Reader Neko writes to say she’d like a little more information on where vanilla originally came from and how it came to be cultivated in places like Madagascar. Neko, I’d be delighted to write a little on that subject. In short, the history of vanilla is one of expropriation. It was originally cultivated by a coastal Mesoamerican people called the Totonac. They were conquered by the Aztecs who were in turn conquered by the Spaniards, from whom vanilla was stolen by the French and taken to the island of Réunion in the Indian Ocean.
Plantation owners on Réunion were feeling pretty clever until they realized that the vine cuttings they’d smuggled out of Mexico wouldn’t grow seed pods. Belgian botanist Charles Morren shortly realized that without the Melipona bee, which was native to the Mexican coast, vanilla orchids grown in other parts of the world couldn’t pollinate. And without pollination, any vanilla flowers that grew quickly browned and fell off the vine without producing pods. What few pods did grow on Réunion were the product of accidental pollination by ants and so on.
Attempts at artificial pollination were fruitless, no pun intended. The problem was a small membrane deep inside the orchid bloom that separated the stigma, the female pollen receiver, from the male pollen producer, the anther. The Melipona bee could lift the membrane and transfer pollen between the two, but no human tool could do it without destroying the blossom. Morren eventually invented an artificial method for pollinating the vanilla orchid, but is was so convoluted and expensive it wasn’t practical for the field.
Which is where a young man named Edmond Albius entered the picture and deprived Mexico of its global vanilla monopoly once and for all. Albius was a slave and an orphan, overall a 12-year-old nobody. But he was smart as a whip. He was born in 1829 on Réunion, and it just so happened that in 1841 he was sent to live with a noted French horticulturist by the name of Ferreol Bellier-Beaumont. Beaumont quickly took a liking to Albius, indeed practically adopted him as a son, and over time taught Albius just about everything he knew about plant husbandry.
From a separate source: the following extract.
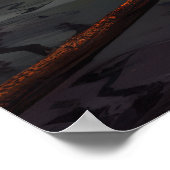 Viktorianischer Hafen bei Nacht: Fischerdorf Poster (Ecke)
Beaumont kept a few vanilla vines around his estate which he fiddled with from time to time to no effect whatsoever. So when Albius came to him one day to explain he’d succeeded in hand-pollinating vanilla orchids using a grass blade, Beaumont was more than a little skeptical. However shortly afterward vanilla pods started popping out all over Beaumont’s garden and he realized Albius was on to something. Beaumont quickly organized workshops for the owners and workers on the various estates on the island, which Albius oversaw. In time he developed a little bamboo tool to do the job of his grass blade, and in a few years the estate owners on Réunion were producing vanilla pods by the ton.
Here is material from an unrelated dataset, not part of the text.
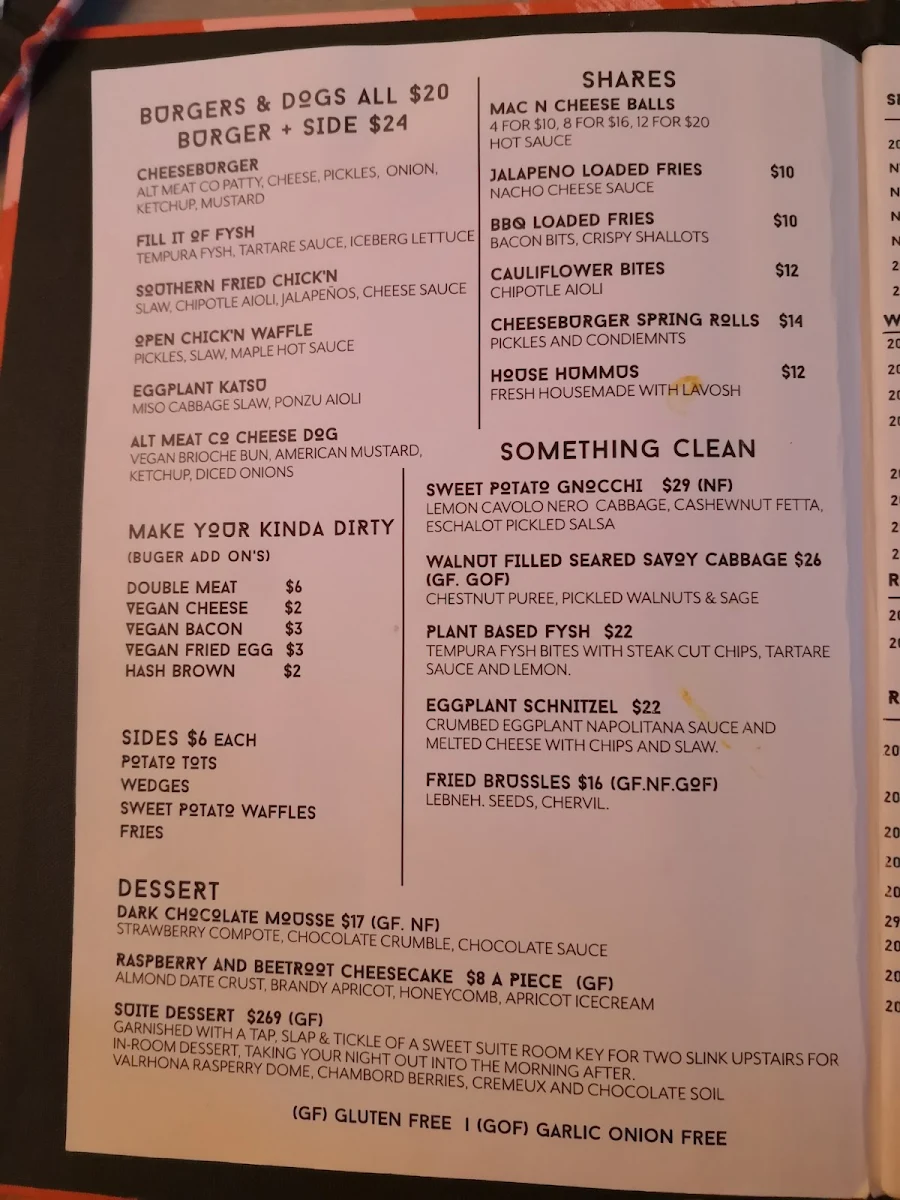 Menu, Bar Woolloomooloo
As you might expect, Albius’ discovery didn’t go down too well in horticultural circles in the French colonies. None of the PhD’s there liked being outdone by a slave boy. And indeed it wasn’t long before noted botanist Jean Richard claimed he’d invented the technique and taught it to Albius. Numerous protests by Beaumont and other Réunion landowners — backed by documentation — eventually set things to rights. But being a slave Albius never profited from his discovery, even after slavery was abolished in French-owned territories in 1848. Albius fell on hard times after that year, and even served time in jail for robbery. But he always had a place to live while Beaumont was alive. When he was freed from prison after serving five years of a 10-year sentence, Beaumont gave him a house where he lived for the rest of his life.